# What needs to be done
The records sit below this line. Repeat all of them exactly.

***

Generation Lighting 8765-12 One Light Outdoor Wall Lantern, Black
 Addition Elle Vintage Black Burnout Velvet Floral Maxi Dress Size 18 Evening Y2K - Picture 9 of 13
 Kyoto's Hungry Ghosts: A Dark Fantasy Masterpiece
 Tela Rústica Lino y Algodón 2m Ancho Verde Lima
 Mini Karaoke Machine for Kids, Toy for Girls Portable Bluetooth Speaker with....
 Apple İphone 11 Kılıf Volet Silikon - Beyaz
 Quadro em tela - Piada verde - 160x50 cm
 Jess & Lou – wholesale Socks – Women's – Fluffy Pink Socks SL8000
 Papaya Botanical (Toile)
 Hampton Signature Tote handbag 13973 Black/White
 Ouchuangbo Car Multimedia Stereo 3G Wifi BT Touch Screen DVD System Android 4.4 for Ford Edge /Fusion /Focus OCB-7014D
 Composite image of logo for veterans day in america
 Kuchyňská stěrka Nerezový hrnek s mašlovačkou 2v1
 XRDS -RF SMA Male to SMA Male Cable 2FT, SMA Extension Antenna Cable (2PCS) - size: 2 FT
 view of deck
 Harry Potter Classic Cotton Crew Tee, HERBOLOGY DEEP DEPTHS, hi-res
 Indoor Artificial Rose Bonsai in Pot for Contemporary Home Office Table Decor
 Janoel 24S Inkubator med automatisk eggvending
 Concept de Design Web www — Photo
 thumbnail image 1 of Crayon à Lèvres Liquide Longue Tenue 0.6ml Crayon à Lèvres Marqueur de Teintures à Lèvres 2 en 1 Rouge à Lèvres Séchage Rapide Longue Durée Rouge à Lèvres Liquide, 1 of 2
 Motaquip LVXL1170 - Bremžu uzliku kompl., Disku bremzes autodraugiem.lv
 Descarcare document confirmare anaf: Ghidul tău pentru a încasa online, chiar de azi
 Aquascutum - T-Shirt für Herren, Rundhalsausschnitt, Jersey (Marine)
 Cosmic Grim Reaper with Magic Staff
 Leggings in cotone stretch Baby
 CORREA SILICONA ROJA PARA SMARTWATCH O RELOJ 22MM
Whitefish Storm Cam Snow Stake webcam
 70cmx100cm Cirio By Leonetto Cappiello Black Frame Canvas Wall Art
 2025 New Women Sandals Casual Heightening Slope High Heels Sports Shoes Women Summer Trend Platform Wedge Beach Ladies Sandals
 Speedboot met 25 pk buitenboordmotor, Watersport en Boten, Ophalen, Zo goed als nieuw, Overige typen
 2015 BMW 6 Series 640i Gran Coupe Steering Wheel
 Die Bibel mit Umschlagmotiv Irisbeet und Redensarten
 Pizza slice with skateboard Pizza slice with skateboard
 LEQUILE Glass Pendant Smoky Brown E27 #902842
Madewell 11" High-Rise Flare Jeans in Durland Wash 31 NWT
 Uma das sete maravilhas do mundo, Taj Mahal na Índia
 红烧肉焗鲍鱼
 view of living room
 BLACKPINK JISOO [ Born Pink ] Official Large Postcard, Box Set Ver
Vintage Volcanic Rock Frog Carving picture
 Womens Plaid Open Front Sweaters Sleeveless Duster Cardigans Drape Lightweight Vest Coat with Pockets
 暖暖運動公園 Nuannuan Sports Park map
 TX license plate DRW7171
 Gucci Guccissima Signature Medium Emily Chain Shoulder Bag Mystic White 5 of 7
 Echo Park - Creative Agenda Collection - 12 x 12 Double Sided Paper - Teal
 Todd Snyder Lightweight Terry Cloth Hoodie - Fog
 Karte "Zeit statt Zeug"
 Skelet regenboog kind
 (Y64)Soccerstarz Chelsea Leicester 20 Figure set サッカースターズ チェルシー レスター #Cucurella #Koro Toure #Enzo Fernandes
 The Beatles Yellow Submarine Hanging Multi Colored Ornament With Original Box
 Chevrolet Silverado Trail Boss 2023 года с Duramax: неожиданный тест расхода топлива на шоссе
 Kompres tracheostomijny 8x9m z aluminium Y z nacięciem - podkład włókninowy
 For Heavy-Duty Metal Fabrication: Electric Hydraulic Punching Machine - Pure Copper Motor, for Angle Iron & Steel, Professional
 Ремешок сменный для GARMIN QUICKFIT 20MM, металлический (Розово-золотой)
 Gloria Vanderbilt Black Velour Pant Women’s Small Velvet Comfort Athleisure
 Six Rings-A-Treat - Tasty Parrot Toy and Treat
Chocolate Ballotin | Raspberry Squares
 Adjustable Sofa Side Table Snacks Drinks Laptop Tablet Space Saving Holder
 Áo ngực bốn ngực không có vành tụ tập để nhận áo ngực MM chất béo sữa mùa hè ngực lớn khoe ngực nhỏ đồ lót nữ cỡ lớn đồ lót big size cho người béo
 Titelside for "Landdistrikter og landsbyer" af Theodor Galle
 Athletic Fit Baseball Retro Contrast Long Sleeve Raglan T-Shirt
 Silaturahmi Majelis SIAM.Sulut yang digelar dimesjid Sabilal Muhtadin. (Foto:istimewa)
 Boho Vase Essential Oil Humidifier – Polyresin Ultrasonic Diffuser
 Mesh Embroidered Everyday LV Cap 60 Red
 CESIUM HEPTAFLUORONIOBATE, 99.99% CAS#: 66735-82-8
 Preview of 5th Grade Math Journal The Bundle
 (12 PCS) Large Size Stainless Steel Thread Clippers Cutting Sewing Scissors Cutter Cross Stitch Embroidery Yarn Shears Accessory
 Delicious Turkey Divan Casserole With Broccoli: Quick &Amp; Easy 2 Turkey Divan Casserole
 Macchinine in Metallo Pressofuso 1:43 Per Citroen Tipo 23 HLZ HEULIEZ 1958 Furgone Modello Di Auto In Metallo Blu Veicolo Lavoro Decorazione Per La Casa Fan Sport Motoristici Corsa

***

# Result
Generation Lighting 8765-12 One Light Outdoor Wall Lantern, Black
 Addition Elle Vintage Black Burnout Velvet Floral Maxi Dress Size 18 Evening Y2K - Picture 9 of 13
 Kyoto's Hungry Ghosts: A Dark Fantasy Masterpiece
 Tela Rústica Lino y Algodón 2m Ancho Verde Lima
 Mini Karaoke Machine for Kids, Toy for Girls Portable Bluetooth Speaker with....
 Apple İphone 11 Kılıf Volet Silikon - Beyaz
 Quadro em tela - Piada verde - 160x50 cm
 Jess & Lou – wholesale Socks – Women's – Fluffy Pink Socks SL8000
 Papaya Botanical (Toile)
 Hampton Signature Tote handbag 13973 Black/White
 Ouchuangbo Car Multimedia Stereo 3G Wifi BT Touch Screen DVD System Android 4.4 for Ford Edge /Fusion /Focus OCB-7014D
 Composite image of logo for veterans day in america
 Kuchyňská stěrka Nerezový hrnek s mašlovačkou 2v1
 XRDS -RF SMA Male to SMA Male Cable 2FT, SMA Extension Antenna Cable (2PCS) - size: 2 FT
 view of deck
 Harry Potter Classic Cotton Crew Tee, HERBOLOGY DEEP DEPTHS, hi-res
 Indoor Artificial Rose Bonsai in Pot for Contemporary Home Office Table Decor
 Janoel 24S Inkubator med automatisk eggvending
 Concept de Design Web www — Photo
 thumbnail image 1 of Crayon à Lèvres Liquide Longue Tenue 0.6ml Crayon à Lèvres Marqueur de Teintures à Lèvres 2 en 1 Rouge à Lèvres Séchage Rapide Longue Durée Rouge à Lèvres Liquide, 1 of 2
 Motaquip LVXL1170 - Bremžu uzliku kompl., Disku bremzes autodraugiem.lv
 Descarcare document confirmare anaf: Ghidul tău pentru a încasa online, chiar de azi
 Aquascutum - T-Shirt für Herren, Rundhalsausschnitt, Jersey (Marine)
 Cosmic Grim Reaper with Magic Staff
 Leggings in cotone stretch Baby
 CORREA SILICONA ROJA PARA SMARTWATCH O RELOJ 22MM
Whitefish Storm Cam Snow Stake webcam
 70cmx100cm Cirio By Leonetto Cappiello Black Frame Canvas Wall Art
 2025 New Women Sandals Casual Heightening Slope High Heels Sports Shoes Women Summer Trend Platform Wedge Beach Ladies Sandals
 Speedboot met 25 pk buitenboordmotor, Watersport en Boten, Ophalen, Zo goed als nieuw, Overige typen
 2015 BMW 6 Series 640i Gran Coupe Steering Wheel
 Die Bibel mit Umschlagmotiv Irisbeet und Redensarten
 Pizza slice with skateboard Pizza slice with skateboard
 LEQUILE Glass Pendant Smoky Brown E27 #902842
Madewell 11" High-Rise Flare Jeans in Durland Wash 31 NWT
 Uma das sete maravilhas do mundo, Taj Mahal na Índia
 红烧肉焗鲍鱼
 view of living room
 BLACKPINK JISOO [ Born Pink ] Official Large Postcard, Box Set Ver
Vintage Volcanic Rock Frog Carving picture
 Womens Plaid Open Front Sweaters Sleeveless Duster Cardigans Drape Lightweight Vest Coat with Pockets
 暖暖運動公園 Nuannuan Sports Park map
 TX license plate DRW7171
 Gucci Guccissima Signature Medium Emily Chain Shoulder Bag Mystic White 5 of 7
 Echo Park - Creative Agenda Collection - 12 x 12 Double Sided Paper - Teal
 Todd Snyder Lightweight Terry Cloth Hoodie - Fog
 Karte "Zeit statt Zeug"
 Skelet regenboog kind
 (Y64)Soccerstarz Chelsea Leicester 20 Figure set サッカースターズ チェルシー レスター #Cucurella #Koro Toure #Enzo Fernandes
 The Beatles Yellow Submarine Hanging Multi Colored Ornament With Original Box
 Chevrolet Silverado Trail Boss 2023 года с Duramax: неожиданный тест расхода топлива на шоссе
 Kompres tracheostomijny 8x9m z aluminium Y z nacięciem - podkład włókninowy
 For Heavy-Duty Metal Fabrication: Electric Hydraulic Punching Machine - Pure Copper Motor, for Angle Iron & Steel, Professional
 Ремешок сменный для GARMIN QUICKFIT 20MM, металлический (Розово-золотой)
 Gloria Vanderbilt Black Velour Pant Women’s Small Velvet Comfort Athleisure
 Six Rings-A-Treat - Tasty Parrot Toy and Treat
Chocolate Ballotin | Raspberry Squares
 Adjustable Sofa Side Table Snacks Drinks Laptop Tablet Space Saving Holder
 Áo ngực bốn ngực không có vành tụ tập để nhận áo ngực MM chất béo sữa mùa hè ngực lớn khoe ngực nhỏ đồ lót nữ cỡ lớn đồ lót big size cho người béo
 Titelside for "Landdistrikter og landsbyer" af Theodor Galle
 Athletic Fit Baseball Retro Contrast Long Sleeve Raglan T-Shirt
 Silaturahmi Majelis SIAM.Sulut yang digelar dimesjid Sabilal Muhtadin. (Foto:istimewa)
 Boho Vase Essential Oil Humidifier – Polyresin Ultrasonic Diffuser
 Mesh Embroidered Everyday LV Cap 60 Red
 CESIUM HEPTAFLUORONIOBATE, 99.99% CAS#: 66735-82-8
 Preview of 5th Grade Math Journal The Bundle
 (12 PCS) Large Size Stainless Steel Thread Clippers Cutting Sewing Scissors Cutter Cross Stitch Embroidery Yarn Shears Accessory
 Delicious Turkey Divan Casserole With Broccoli: Quick &Amp; Easy 2 Turkey Divan Casserole
 Macchinine in Metallo Pressofuso 1:43 Per Citroen Tipo 23 HLZ HEULIEZ 1958 Furgone Modello Di Auto In Metallo Blu Veicolo Lavoro Decorazione Per La Casa Fan Sport Motoristici Corsa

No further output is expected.